* [Directions] Produce a verbatim copy of the following records, leaving out all pictures.
======== Data for this exercise ========
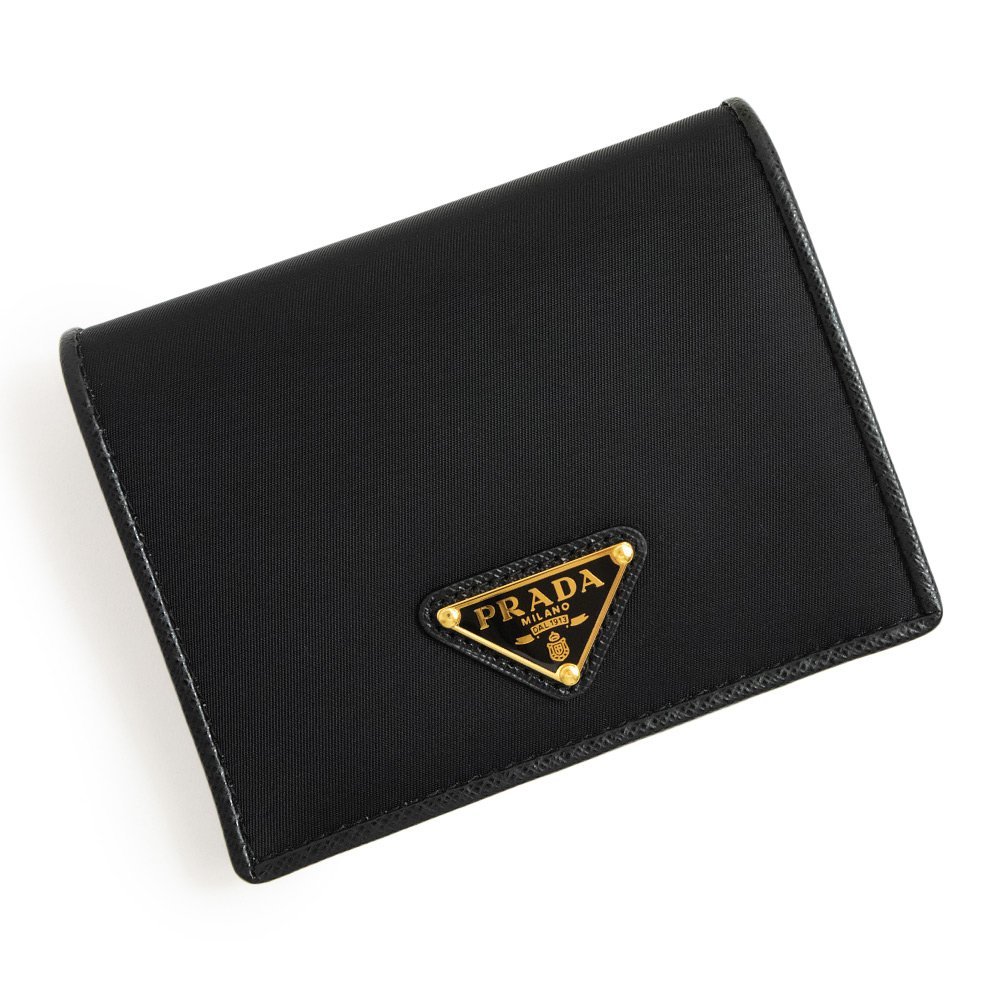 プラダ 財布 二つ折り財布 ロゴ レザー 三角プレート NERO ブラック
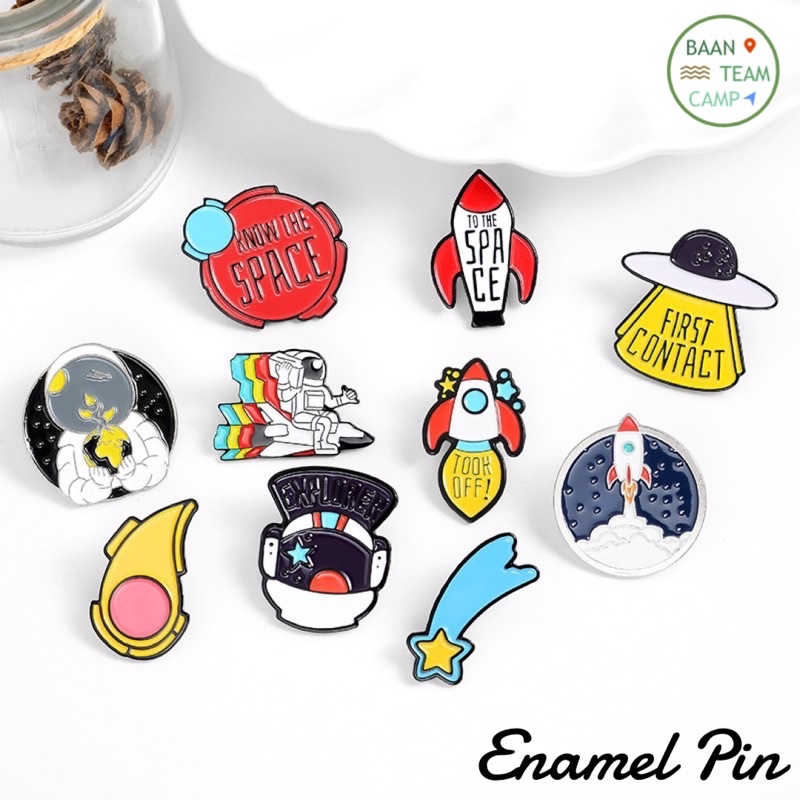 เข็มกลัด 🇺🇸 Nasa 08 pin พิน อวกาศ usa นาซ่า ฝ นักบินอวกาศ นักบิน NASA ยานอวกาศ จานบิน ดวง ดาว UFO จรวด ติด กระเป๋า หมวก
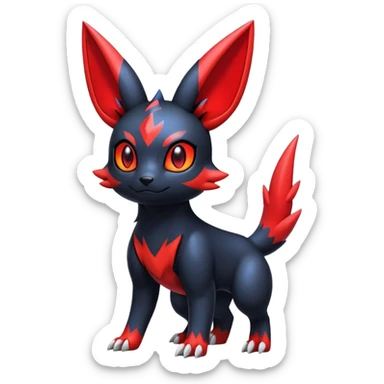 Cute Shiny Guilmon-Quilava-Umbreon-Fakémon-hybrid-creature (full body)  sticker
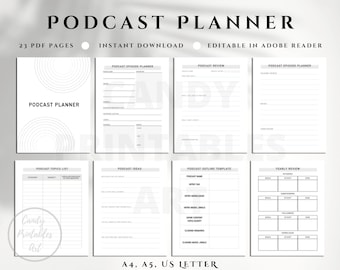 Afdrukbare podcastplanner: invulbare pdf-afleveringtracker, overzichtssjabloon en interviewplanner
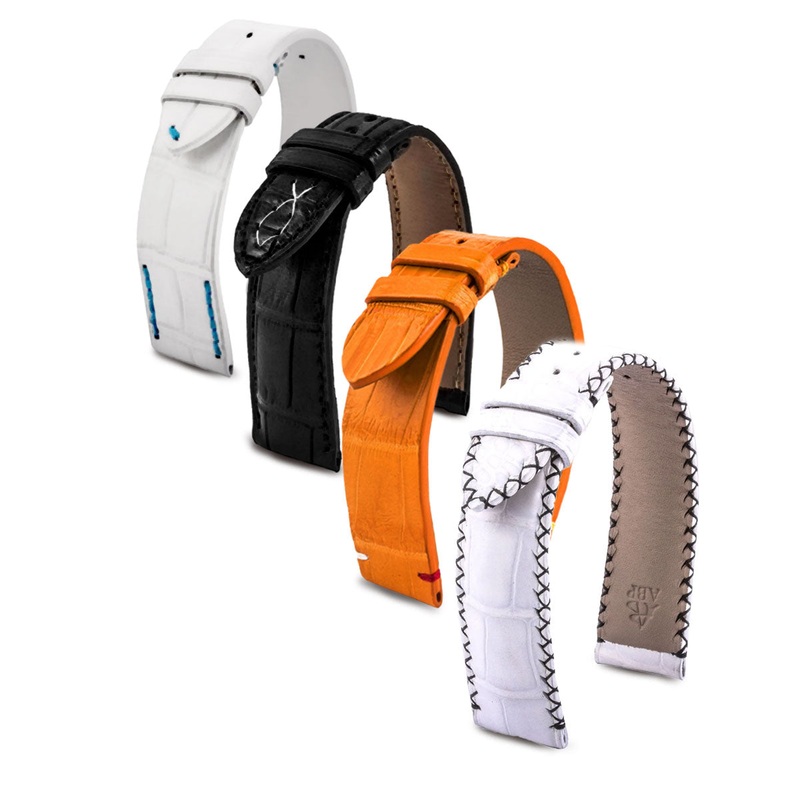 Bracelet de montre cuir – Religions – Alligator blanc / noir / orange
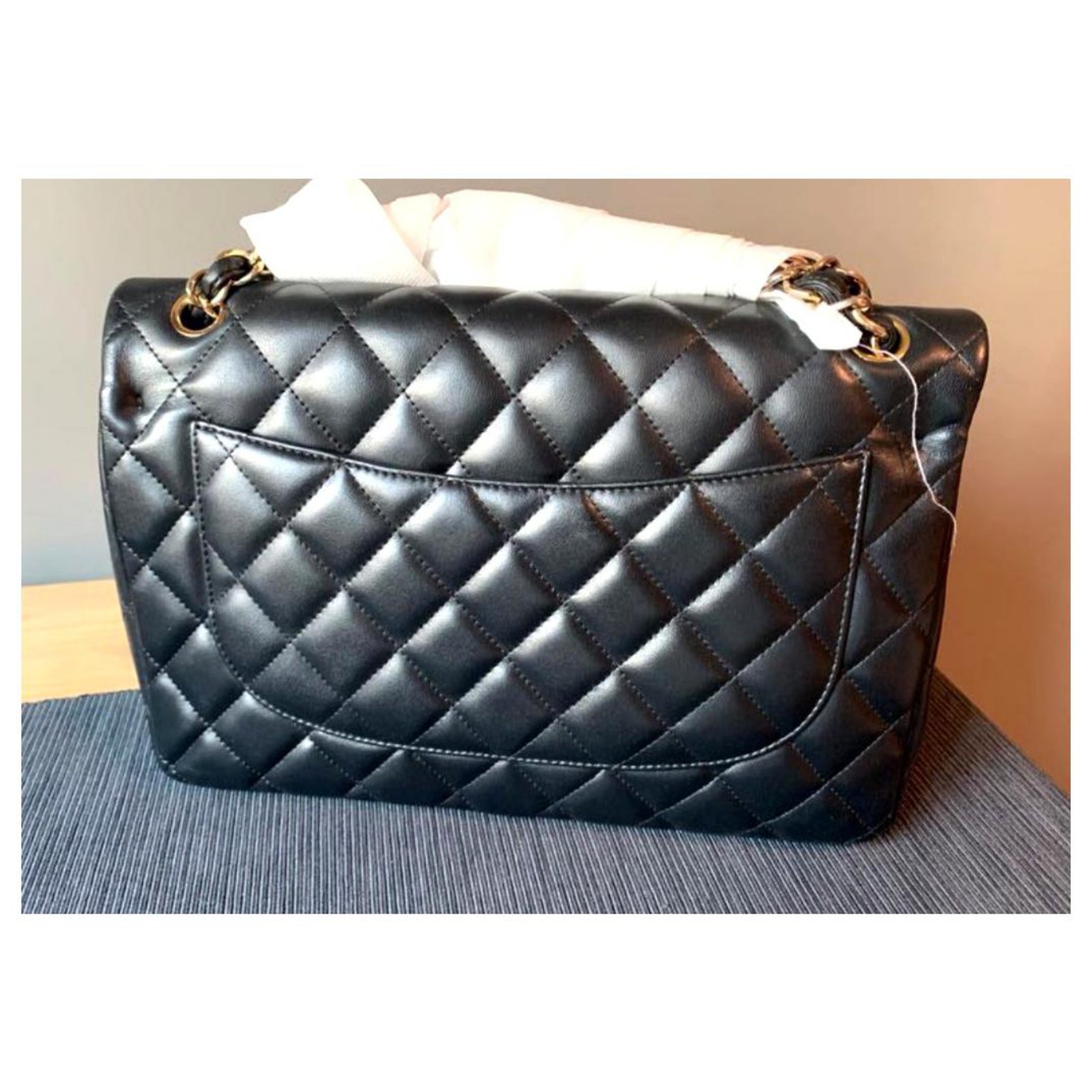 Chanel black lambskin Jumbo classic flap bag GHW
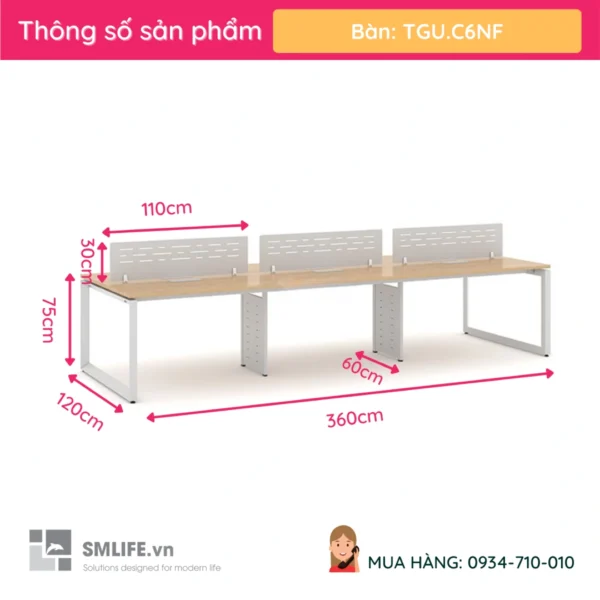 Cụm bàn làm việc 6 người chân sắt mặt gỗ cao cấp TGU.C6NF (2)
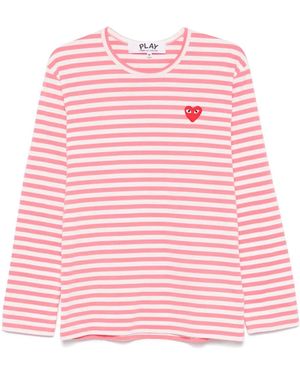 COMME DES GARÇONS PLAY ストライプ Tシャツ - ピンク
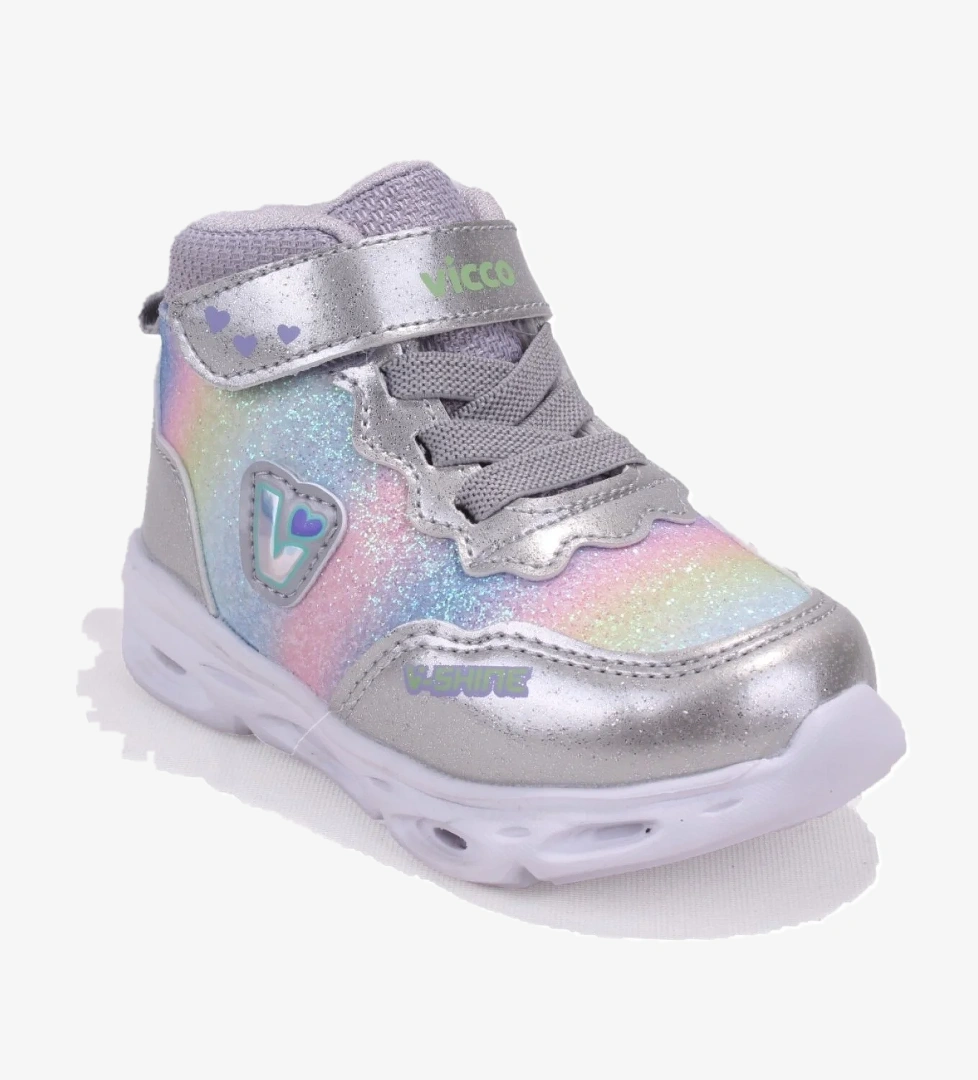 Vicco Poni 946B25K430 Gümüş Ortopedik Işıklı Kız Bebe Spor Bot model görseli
========
* [Result of this task]
 プラダ 財布 二つ折り財布 ロゴ レザー 三角プレート NERO ブラック
 เข็มกลัด 🇺🇸 Nasa 08 pin พิน อวกาศ usa นาซ่า ฝ นักบินอวกาศ นักบิน NASA ยานอวกาศ จานบิน ดวง ดาว UFO จรวด ติด กระเป๋า หมวก
 Cute Shiny Guilmon-Quilava-Umbreon-Fakémon-hybrid-creature (full body)  sticker
 Afdrukbare podcastplanner: invulbare pdf-afleveringtracker, overzichtssjabloon en interviewplanner
 Bracelet de montre cuir – Religions – Alligator blanc / noir / orange
 Chanel black lambskin Jumbo classic flap bag GHW
 Cụm bàn làm việc 6 người chân sắt mặt gỗ cao cấp TGU.C6NF (2)
 COMME DES GARÇONS PLAY ストライプ Tシャツ - ピンク
 Vicco Poni 946B25K430 Gümüş Ortopedik Işıklı Kız Bebe Spor Bot model görseli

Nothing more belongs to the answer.